Tuesday, March 29, 2016

Disappointment, Part Deux

Netflix scored a commercial and critical hit with its 2015 TV series Daredevil, about a man named Matt Murdock whose senses were both limited and enhanced in a childhood accident involving a chemical truck. Technically blind but able to sense much more than most people through enhanced hearing and a strange "radar sense," he trained to become an expert in martial arts and spends his nights showing criminals in his Hell's Kitchen neighborhood the error of their ways as "The Devil of Hell's Kitchen" or Daredevil. He spends his days as a lawyer with his college friend Franklin "Foggy" Nelson and their assistant, Karen Page, defending the poor folks of the neighborhood in the legal arena.

As Matt Murdock, Charlie Cox brought a more understated and reflective version of Robert Downey Jr.'s Tony Stark to play, and as Daredevil he presented a man with an almost monomaniacal focus on protecting people under siege from street criminals and thugs. His season-long battle with Vincent D'Onofrio's Wilson "Kingpin" Fisk made for a good solid storyline even if D'Onofrio's portrayal was so mannered as to seem stilted and artificial.

Season Two opens with Daredevil continuing to battle criminals in Hell's Kitchen and showing them how crime not only doesn't pay, it can also lead to broken bones and hospital stays. Traditional crime gangs are starting to try to reclaim territory now that Fisk is in prison, but they are being mowed down in job lots by a new vigilante who uses bullets and sends his opponents to the morgue rather than a hospital. It isn't long before Daredevil runs across the trail of this "Punisher," as the police have called him, and their confrontation reveals an unexpected wound at the core of his crusade. But Matt still believes in the rule of law, and can't countenance the Punisher's method of just killing everyone.

In the meantime, Matt's own past offers up some complications, as an old girlfriend, Elektra Natchios, tries to enlist him in her current affairs. Which have several hidden layers of their own and which will also complicate Matt's burgeoning relationship with Karen Page.

The returning cast -- Cox, Elden Henson as Foggy and Deborah Ann Woll as Karen -- bring in a second season of good performances, and of the newcomers, Jon Bernthal as Frank "The Punisher" Castle also stands out.

The disappointment referenced in the headline comes from how scattershot and uneven the story is and how little it actually does over the course of the 13 episodes. Elektra plays a major role in the Frank Miller version of Daredevil from which the show works, but her appearance in the show seems almost like a stop-motion strobe: She's bad, she's good, Matt hates her, Matt doesn't, blink, blink. Only once or twice do these transitions have any hint of flow to them. Whether that's on actress √Člodie Yung or the screenwriters is not clear, but it makes it difficult to invest in her arc.

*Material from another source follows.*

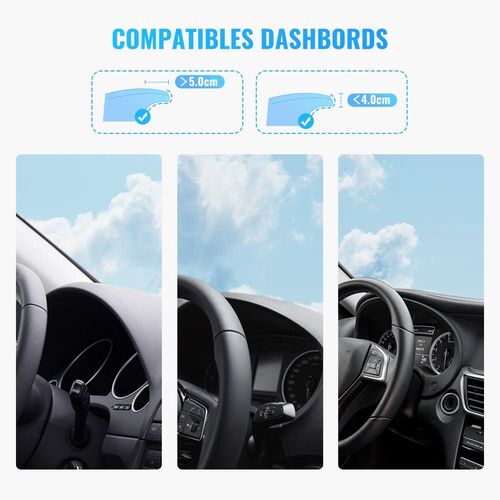 Car Dashboard Mount for 4.7-7" Smartphones, Black UGREEN/60796 6957303867967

And the other disappointments comes in that the season ending episode leaves several questions about our characters unresolved. Which wouldn't be a problem if the storyline hadn't spent most of the last 13 episodes enhancing their least likable aspects. Everyone wants everyone else to stop lying to them but seems quite comfortable with being the one in the liar's seat. Matt tells Castle it's wrong to take the authority of an executioner on himself outside the law, but seems OK with taking on the authority of an enforcer himself. Karen wants Foggy and Matt to tell her the truth about whatever secret they keep from her but reserves the right to keep her own past secret from them. Bernthal does a great job outlining Castle's damaged and tortured soul, but since he's decided the best way to deal with his wife and children's deaths is to make widows and orphans, it's hard to care all that much about his pain after awhile.

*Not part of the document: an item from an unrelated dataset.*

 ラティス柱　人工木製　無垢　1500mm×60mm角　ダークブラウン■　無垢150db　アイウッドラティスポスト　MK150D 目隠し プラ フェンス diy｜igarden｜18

A Season Three is very likely, and there's nothing that says the showrunners can't rehabilitate their characters to restore some of their appeal and work harder at tightening up their story. The comic book version of Daredevil offers some outline of what the future might hold for them (although one hopes the showrunners decide not to fridge Karen the way Kevin Smith did), but so far the show has been willing to move outside that continuity to make its own way. Maybe it can bring back aspects of them that will help the audience care what happens to them while it does so.